Read the liberal majority’s opinion, and both the state and women are present throughout. While keeping the interest of the state in mind, the justices showed considerable empathy toward women and their political and spiritual autonomy. “The destiny of the woman,” the justices insisted, “must be shaped to a large extent on her own conception of her spiritual imperatives and her place in society.”

While the justices allowed for greater regulation of abortion than Roe v. Wade, they made clear that “all abortion regulations interfere to some degree with a woman’s ability to decide whether to terminate her pregnancy.” Even when the justices limited women’s actions, they kept women clearly in focus.
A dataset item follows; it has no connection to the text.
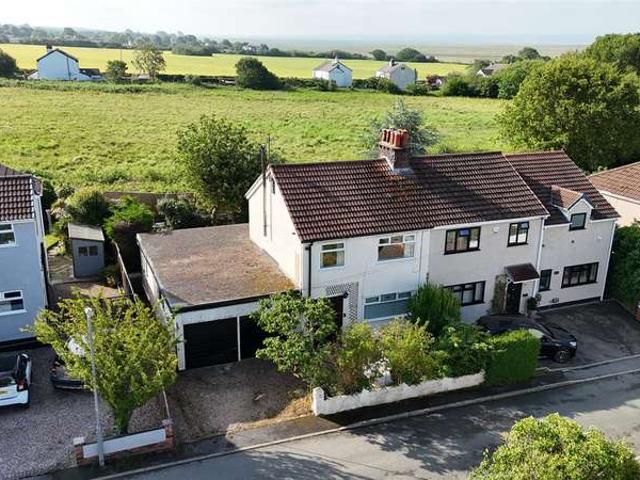 3 Bedroom Semi Detached House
Turn to the conservative dissent, however, and women melt away. Announcing that Roe v. Wade, the 1973 decision that made abortion legal in the United States, was “wrongly decided” and “should be overruled,” Chief Justice William Rehnquist denied that abortion was a fundamental right. When women appeared in his dissent, their interests were immediately subsumed to others.

Take the issue of spousal notification, which the liberal majority ruled was an “undue burden” on women seeking an abortion. The requirement that a woman inform her husband, the majority argued, impinged too heavily on her autonomy. The vast majority of married women — 95 per cent — already informed their husbands of their decisions to abort. The remaining 5 per cent included women who had good reason not to inform their husbands. “The women most affected by this law — those who most reasonably fear the consequences of notifying their husbands that they are pregnant — are in the gravest danger.”

But Rehnquist showed little concern for such consequences. He admitted a spousal notification would endanger “battered women who fear psychological abuse or injury to their children” and women whose pregnancy resulted from “unreported spousal sexual assault.” But spousal notification upheld “a husband’s interests in procreation” and the state’s interest in marital integrity through “truthful communication” and “collaborative decisionmaking.” These rights, Rehnquist held, trumped those of the women who would be endangered.

The Casey dissent gives a glimpse of how a conservative majority might rule when it comes to TRAP laws. And it is worrying precedent. When women and their interests are sidelined or erased from the judicial process, their rights are steadily eroded as well. Given the willingness of the conservative majority to subsume women’s rights to corporate interests in Hobby Lobby, the odds of a ruling that stops TRAP laws seem long indeed.

The most recent session of the Supreme Court had dramatic consequences for women’s health and reproduction. Yet a number of observers described it as a “quiet” or “not-too-pivotal” term. Which is precisely how the Court’s conservative incrementalism works. Slowly, quietly, it chips away at women’s reproductive autonomy, erasing them from consideration, hoping no one asks where the women are.